**What to do**
The reply should hold only the lines from the one with "现代轻奢创意客厅背景墙长条壁灯酒店别墅售楼部过道走廊云石灯具" to the one with "M8 M12 M14 M20", both ends kept, exactly as they appear below, without any pictures.

**Source information**
/---

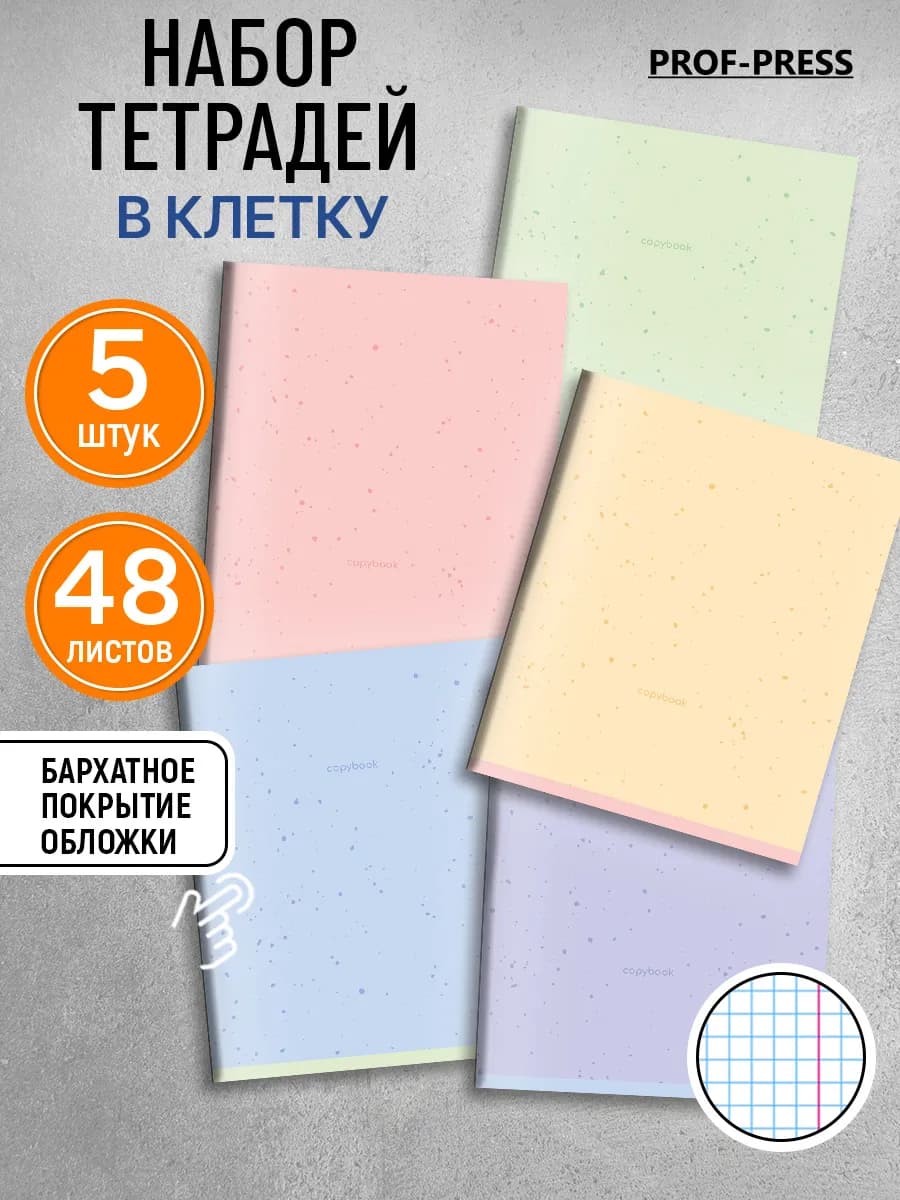 Тетрадь 48 листов в клетку набор 5 штук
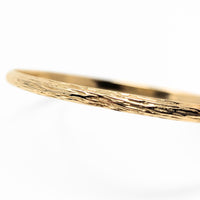 Vintage 1970's Designer Solid 14K Gold Tree Bark Textured Bangle Bracelet, 15g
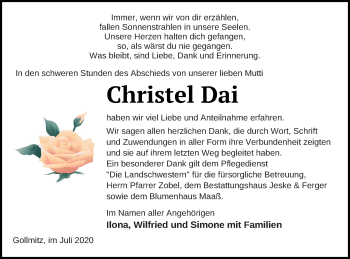 Traueranzeige von Christel Dai von Prenzlauer Zeitung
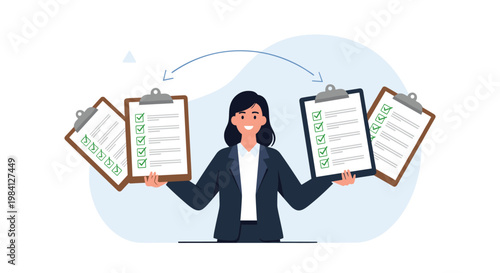 Professional businesswoman juggling and holding several clipboards with checkmarks and lists representing multitasking skills.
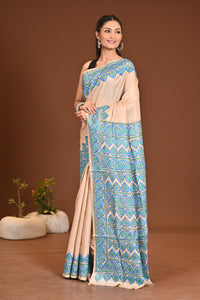 Pure Tussar Silk Kantha Stitch Saree Beige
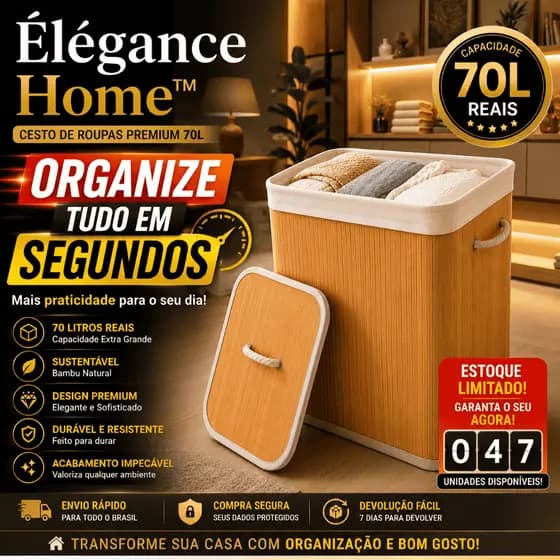 Cesto de Roupas Bambu 70L com Tampa Organizador Lavanderia Closet Premium
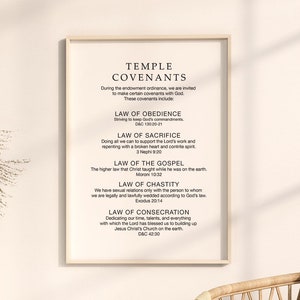 Printable LDS Temple Covenants Poster, Inspirational Book of Mormon Bible Scripture Prints, Missionary Gift, Latter-Day Faith Wall Art Decor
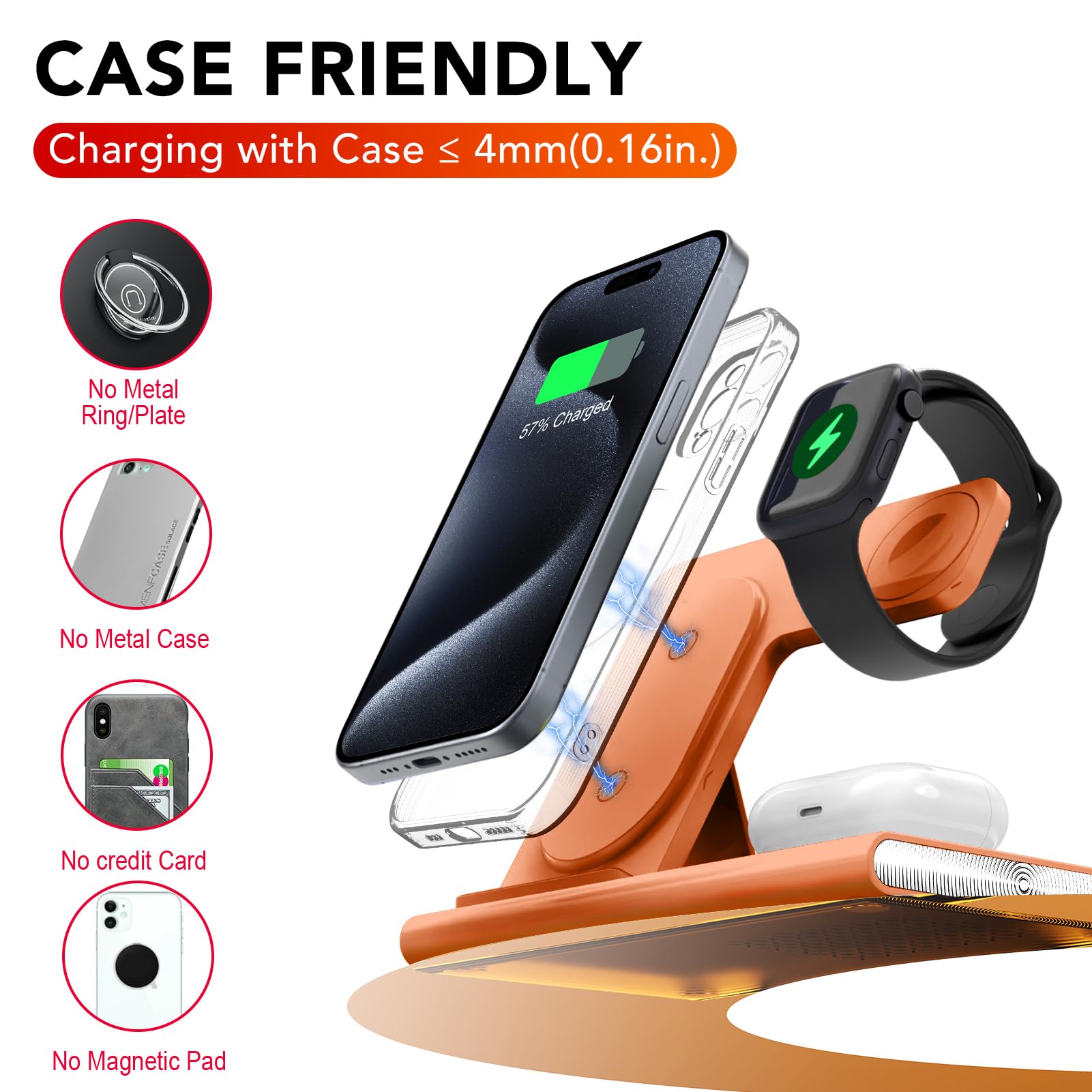 3 in 1 Foldable Charging Station for Apple Products,Fast Wireless Charger Travel Dock Adapter&Light for iPhone 15/14/13/12/11/X/XS/XR 8,for iWatch Ultra2/9/Ultra/8/7/6/SE,for Air Pods 3/2/Pro(Orange) 6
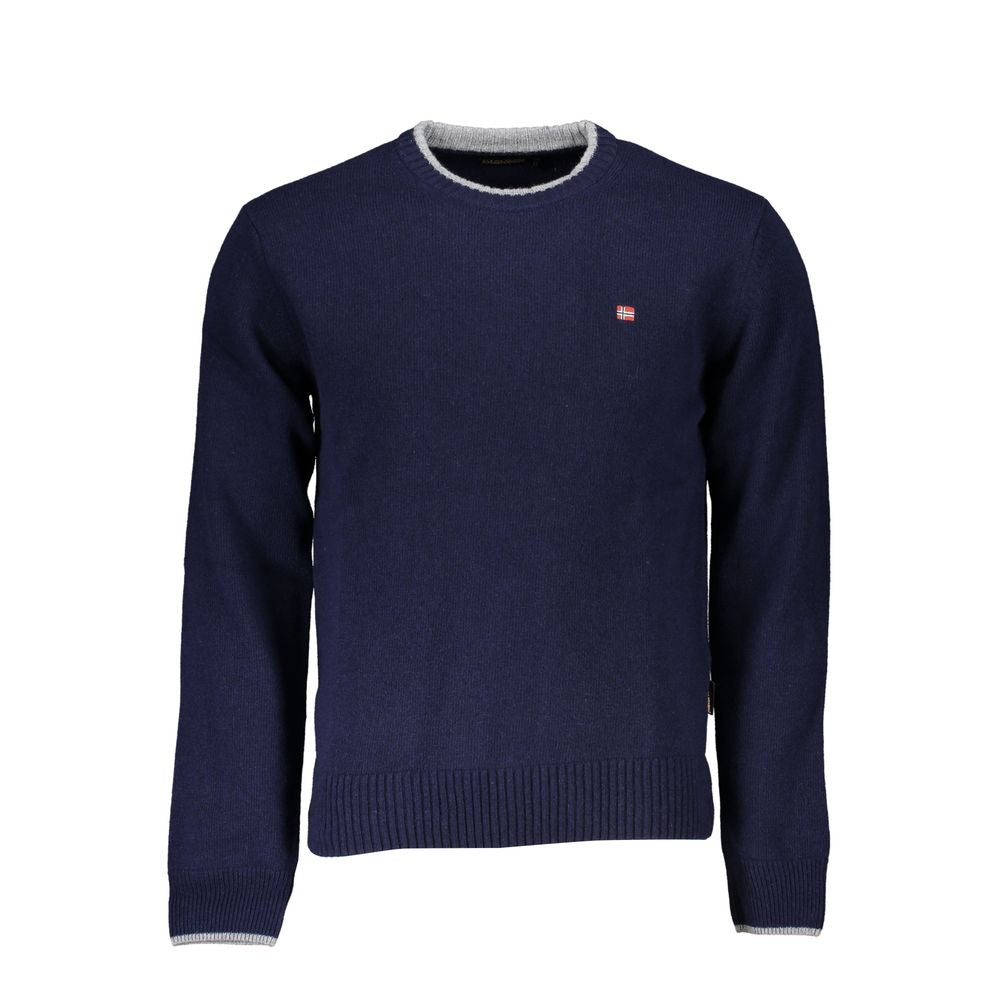 Sweater by Napapijri for men in polyamide blue showcases a downtown chic silhouette, artfully finished with a downtown chic crew neckline and for a sophisticated, high-end look.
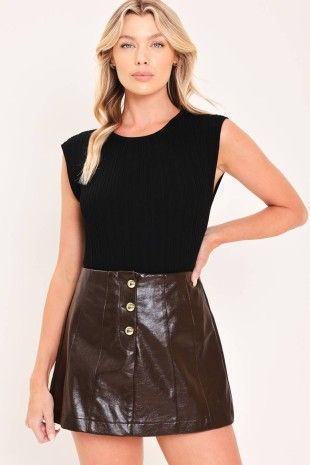 Sofi Faux Leather Skort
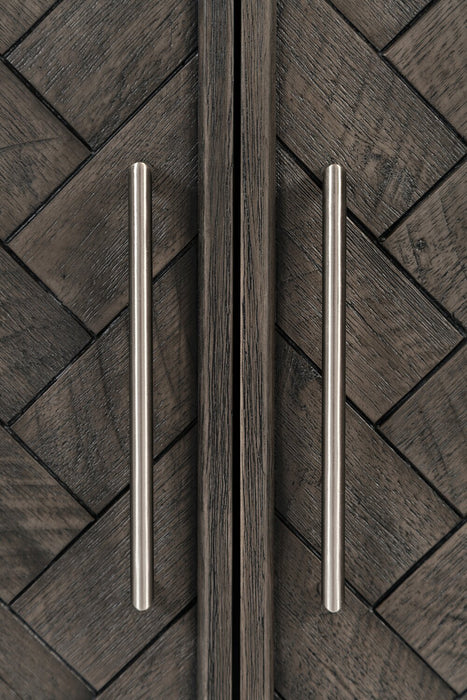 Armoire décorative Keena de 40 po en bois massif - grise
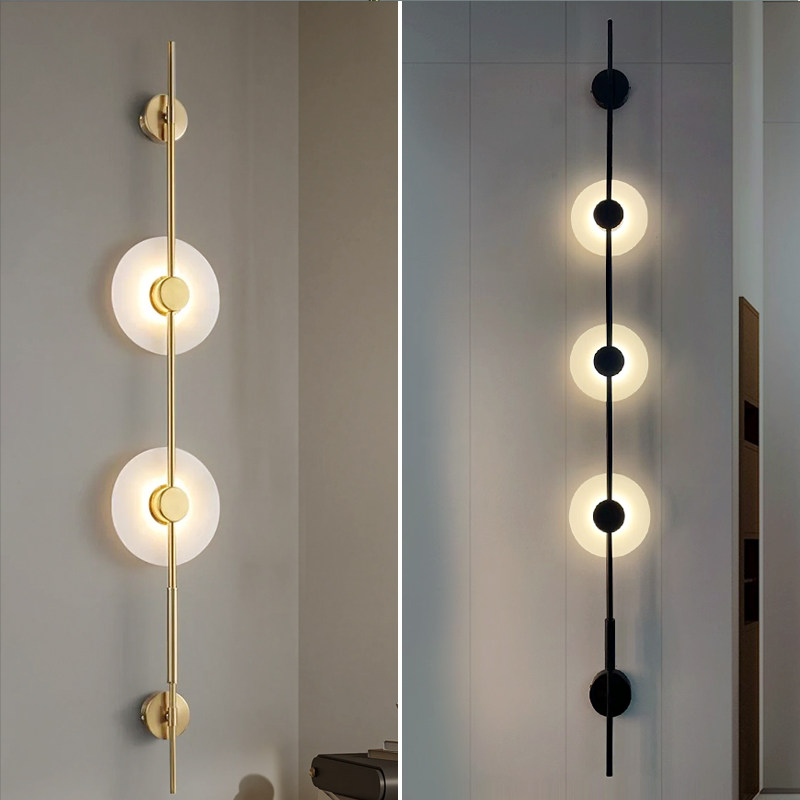 现代轻奢创意客厅背景墙长条壁灯酒店别墅售楼部过道走廊云石灯具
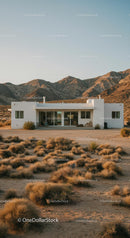 Modern White House Amidst Desert Mountains and Clear Skies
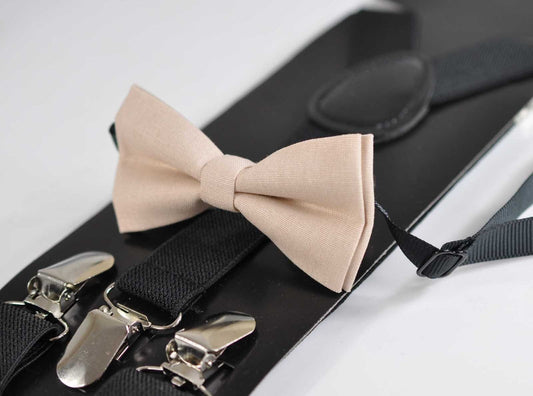 Light Begie Sand Pale Brown Ivory Cotton Bow tie + Black Elastic Suspenders Braces for Baby infant Toddler / Kids Boy / Youth Teenage / Men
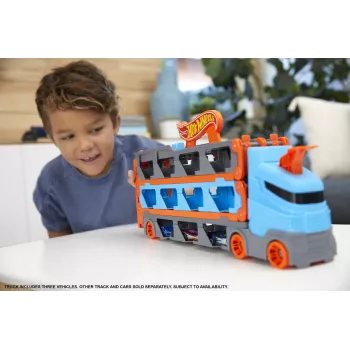 Hot Wheels City Speedway Hauler Carrier s 3 hračkárskymi autami, sada vozidiel, 4 roky, plast, sivá, viacfarebná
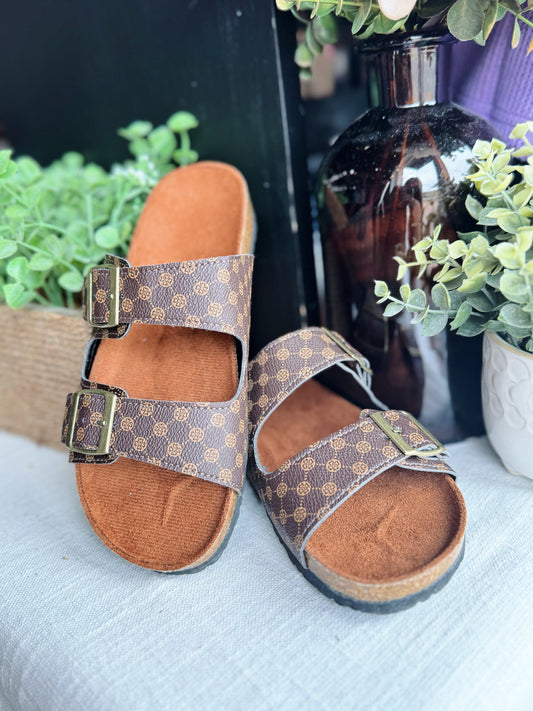 Brown Geometric Buckle Sandals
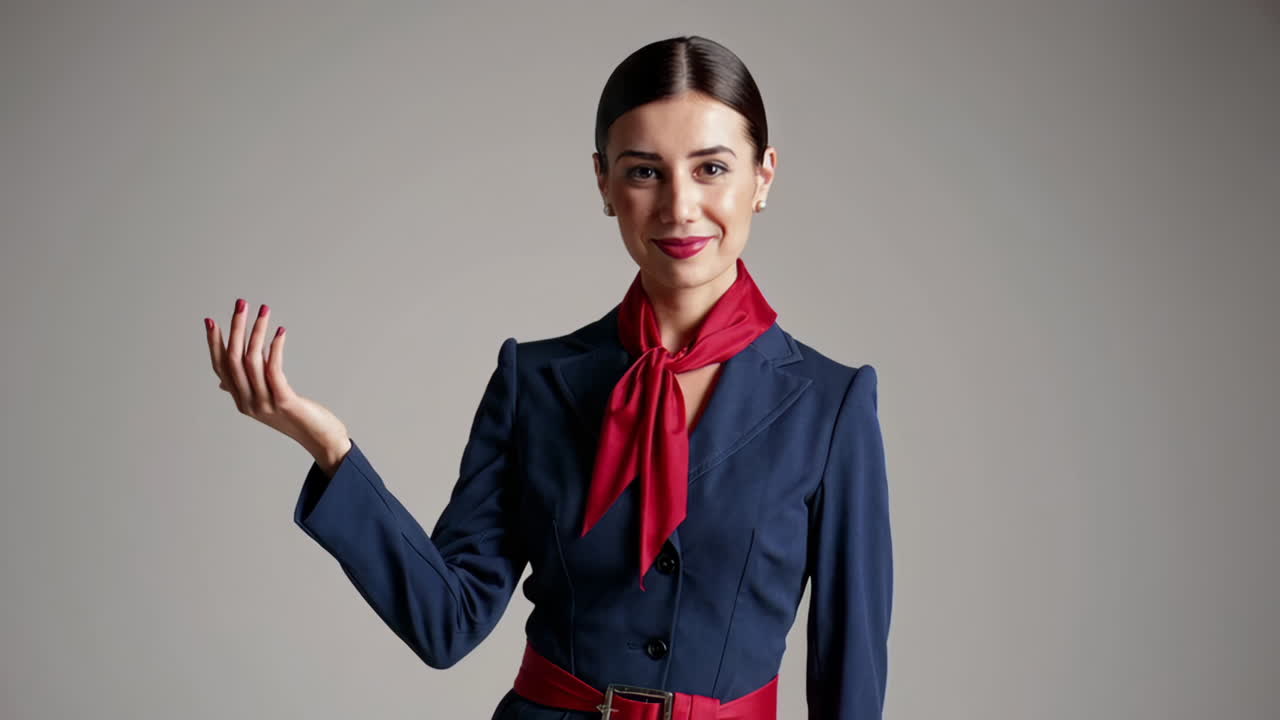 Smiling Air Hostess in Uniform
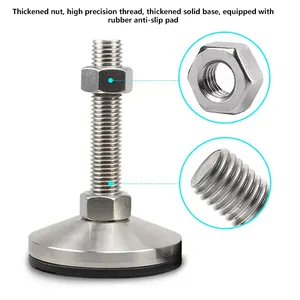 M8 M12 M14 M20 M24 gambe di supporto per mobili in acciaio piedini di livellamento per impieghi gravosi piedini regolabili antiscivolo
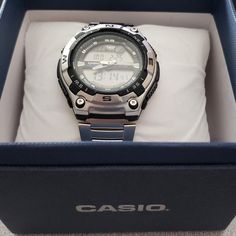 Nib Casio Stainless Men Watches Battery Operated Casual Analog Watches For Business, Casual Analog Business Watches, Casual Analog Chronograph Watch For Business, Casual Watches With 10atm Water Resistance, Casual Watches With 10atm Water Resistance And Round Dial, Casual Watches With Stopwatch And Round Dial, Casual Silver Watches With Subdials, Casual Watch With Stopwatch, Outdoor Silver Analog Watches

\---

**Exercise answer**
 现代轻奢创意客厅背景墙长条壁灯酒店别墅售楼部过道走廊云石灯具
 Modern White House Amidst Desert Mountains and Clear Skies
 Light Begie Sand Pale Brown Ivory Cotton Bow tie + Black Elastic Suspenders Braces for Baby infant Toddler / Kids Boy / Youth Teenage / Men
 Hot Wheels City Speedway Hauler Carrier s 3 hračkárskymi autami, sada vozidiel, 4 roky, plast, sivá, viacfarebná
 Brown Geometric Buckle Sandals
 Smiling Air Hostess in Uniform
 M8 M12 M14 M20 M24 gambe di supporto per mobili in acciaio piedini di livellamento per impieghi gravosi piedini regolabili antiscivolo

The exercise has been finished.